Once you have planned a menu and shopped carefully, you will need to begin preparing the ingredients.
All good cooks will agree that sound skills in basic preparation methods are essential, whatever the type of food you are cooking, and whatever the occasion.
Learn the correct way to prepare ingredients, and you will save time and effort in the kitchen.
Preparation Basics
The use of good-quality utensils is important even for basic food preparation – not only for the sake of efficiency but also to make the task more pleasant. A sharp knife, for example, will make chopping and slicing quick and safe. As your skills improve, try new techniques.
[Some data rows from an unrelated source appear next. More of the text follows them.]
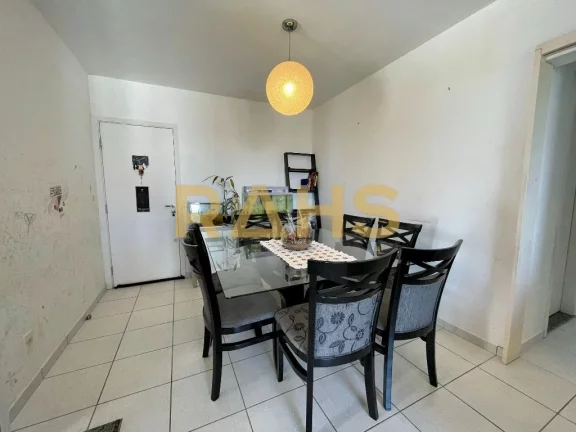 Imagem Cobertura Semi-mobiliada à venda com 1 suíte e 2 quartos, 2 vagas individuais de garagem no melhor...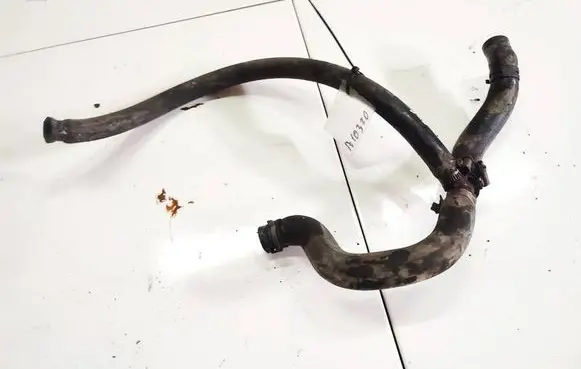 Volkswagen Golf IV Engine coolant pipe/hose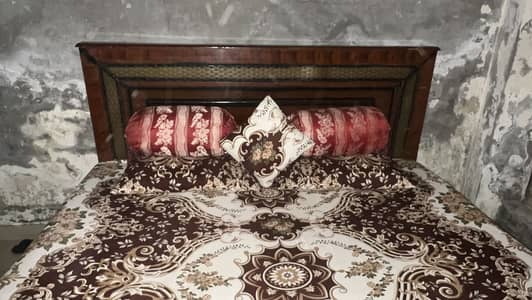 Bed Set - Wooden Luxury Bed With Mattress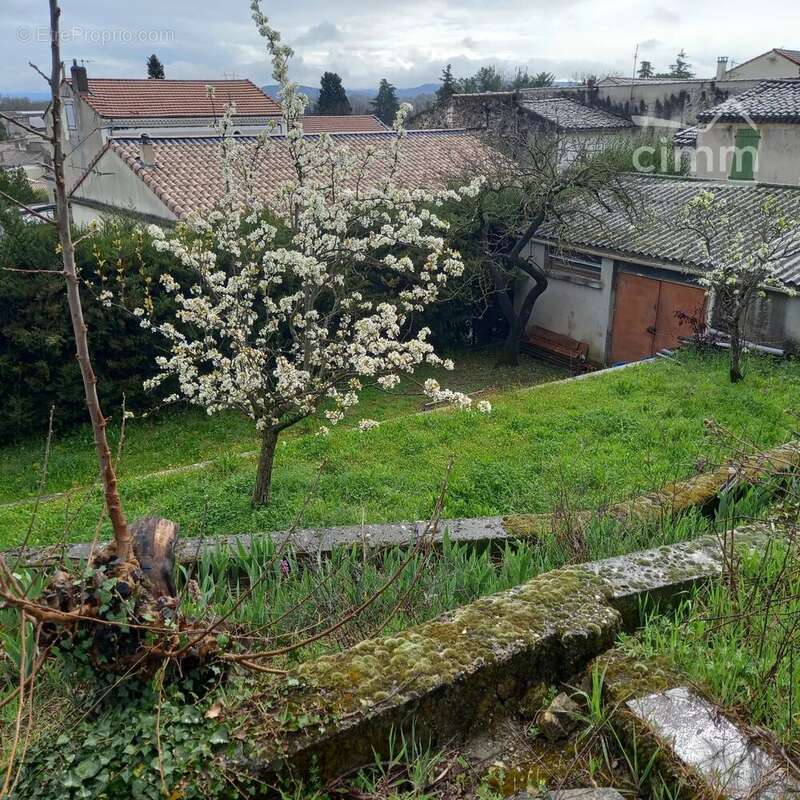 Appartement à LE TEIL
Cutting Up Foods: Slicing Safely
When slicing vegetables, use your knuckles to guide the knife and prevent it from cutting too close to your fingertips. Keep fingertips tucked in, and slice downward and forward.
Chopping Effectively
• Chopping finely: To chop food finely, use your knife like a pivot. Hold the tip down, and use a rocking action to chop.
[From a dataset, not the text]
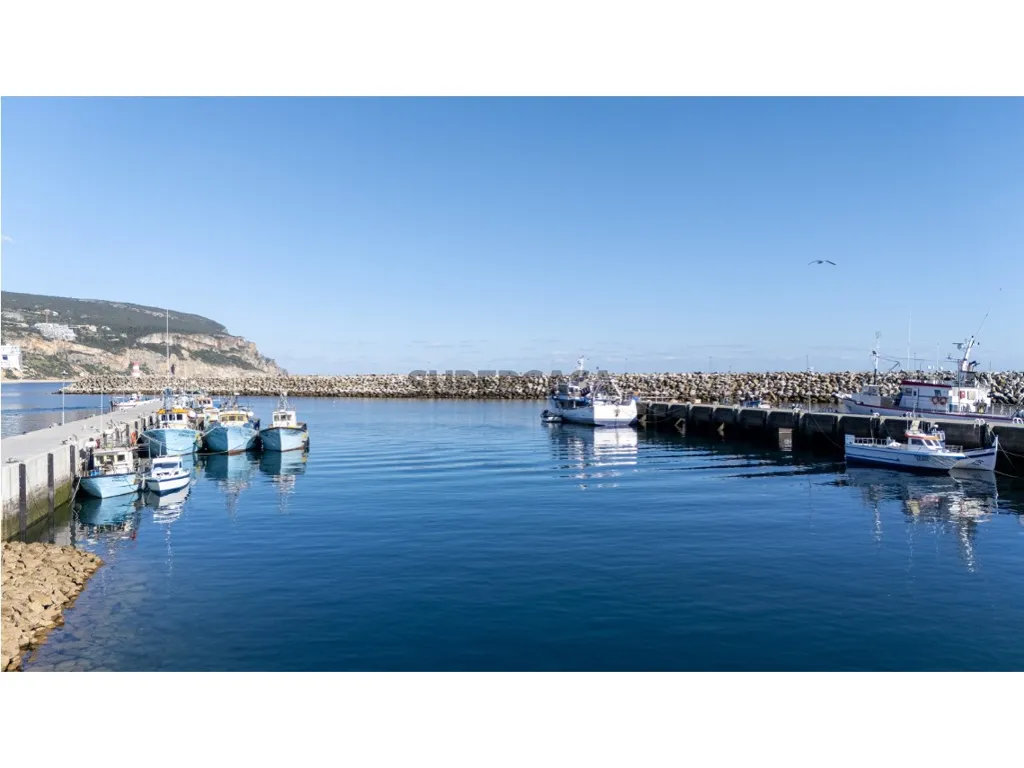 Duplex Flat with Sea View in Sesimbra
• Dicing foods: First, square one end of the vegetable or fruit. Cut into slices, stack, and cut lengthwise into sticks. Cut crosswise for diced pieces.
Slicing Thinly
Cutting Julienne Strips
To produce extra-thin julienne strips of vegetables, use a vegetable peeler to slice very fine ribbons. Then stack these together, and slice lengthwise as thinly as possible.
Preparing Strips
• Trimming vegetables: Before cutting julienne strips from vegetables such as carrots or cucumber, trim the vegetables into neat, rectangular blocks.
• Cutting cabbage: To slice cabbage into thin strips, roll each leaf firmly like a jelly roll. Slice with a sharp knife.
Dicing Fruits
Preventing Discoloration
Sprinkle your cutting board with lemon juice before you dice apples or pears, then squeeze lemon juice on the cut fruits. This will keep the fruit from browning during preparation.
Using Diced Fruits
• Preventing sticking: If the blade of your knife becomes sticky while dicing sugary ingredients, dip it from time to time into a deep cup of very hot water placed nearby.
• Using color: Consider adding diced’fruits to a salad for a colorful “confetti” effect.